17. In Smt. Nagawwa v. Veeranna Shivalingappa Kongalgi (1976(3) SCC 736) this Court dealing with the scope of inquiry under Section 202 has stated that it is extremely limited only to the ascertainment of the truth or falsehood of the allegations made in the complaint (a) on the materials placed by the complainant before the Court (b) for the limited purpose of finding out whether a prima facie case for issue of process has been made out; (C) for deciding the question purely from the point of view of the complainant without at all adverting to any defence that the accused may have. It is also indicated by way of illustration in which cases an order of the Magistrate issuing process can be quashed on such case being "where the allegations made in the complaint or the statements of the witnesses recorded in support of the same taken at their face value make out absolutely no case against the accused or the complaint does not disclose the essential ingredients of an offence which is alleged against the accused."

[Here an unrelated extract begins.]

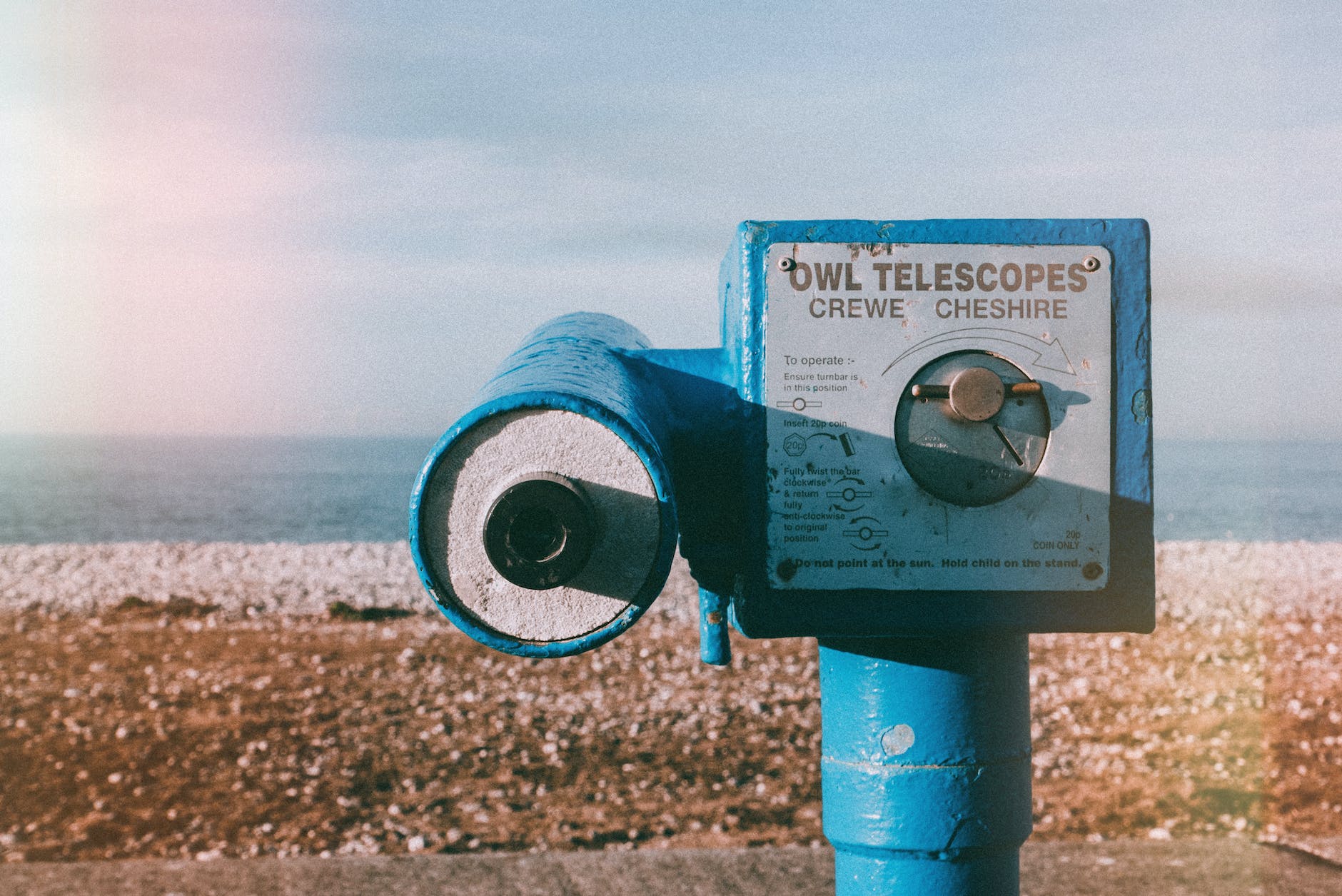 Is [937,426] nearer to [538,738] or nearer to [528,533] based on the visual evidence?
[528,533]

8. Thus, it is clear that as per the procedure prescribed for proceedings with regard to the complaint case after recording the statements of the complainant and witnesses and the result of the inquiry or investigation (if any) under section 202 Cr.P.C., if the Magistrate is of the opinion that there is no sufficient ground for proceeding, he may dismiss the complaint. It is well settled that if a bare perusal of a complaint or the evidence led in support of it shows that essential ingredients of the offence alleged are absent or that the dispute is only a civil nature or that there are such patent absurdities in evidence produced that it would be a waste of time to proceed further, the complaint could be properly dismissed under Section 203 Cr.P.C.

9. What the Magistrate had to determine at the stage of issue of process was not the correctness of the probability or improbability of individual items of evidence on disputable grounds, but the existence or otherwise of a prima facie case on the assumption that what was stated could be true unless the prosecution allegations were so fantastic that they could not reasonably be held to be true.

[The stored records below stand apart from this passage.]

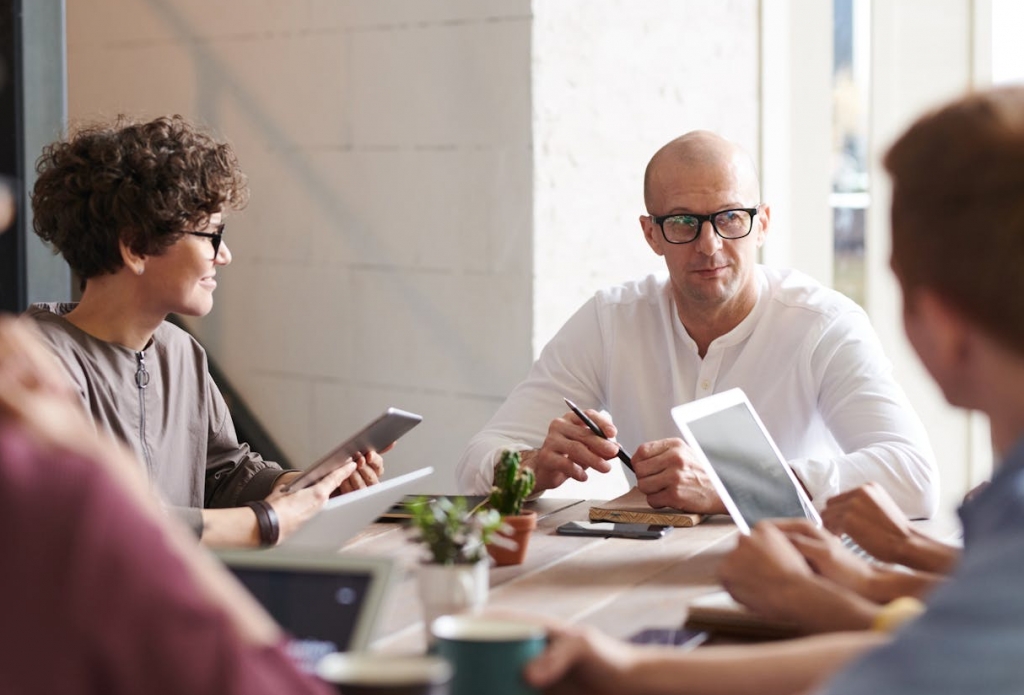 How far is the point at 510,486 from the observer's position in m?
1.94

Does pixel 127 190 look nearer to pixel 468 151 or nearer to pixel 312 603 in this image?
pixel 312 603

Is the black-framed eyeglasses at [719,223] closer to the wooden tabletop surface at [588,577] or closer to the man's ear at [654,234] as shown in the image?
the man's ear at [654,234]

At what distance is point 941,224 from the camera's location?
1.12 metres

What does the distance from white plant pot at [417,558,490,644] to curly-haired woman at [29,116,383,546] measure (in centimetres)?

10. Considering above-stated position of law, in the instant matter it appears that both the parties are residents of the same locality and the complainant has alleged that the opposite party no.2 to 6 came at his house and abused and assaulted him and snatched his golden chain. There is no medical examination report of the complainant to show that he has sustained any injury. The allegation of robbery of golden chain appears quite improbable. Only general and vague allegations have been levelled against the opposite parties. Learned Magistrate has observed that a property related dispute was pending between the parties. Considering facts of the matter, learned Magistrate observed that incident is quite suspicious. In view of attending facts and circumstances of the matter, it cannot be said that impugned order is suffering from any patent illegality or that there has been any abuse of the process of Court or that impugned order has resulted into miscarriage of justice, so as to require any interference by invoking powers under Section - 528 B.N.S.S. The application under Section 482 Cr.P.C. lacks merit and thus, the same is liable to be dismissed.

11. The application under Section - 528 B.N.S.S. is hereby dismissed.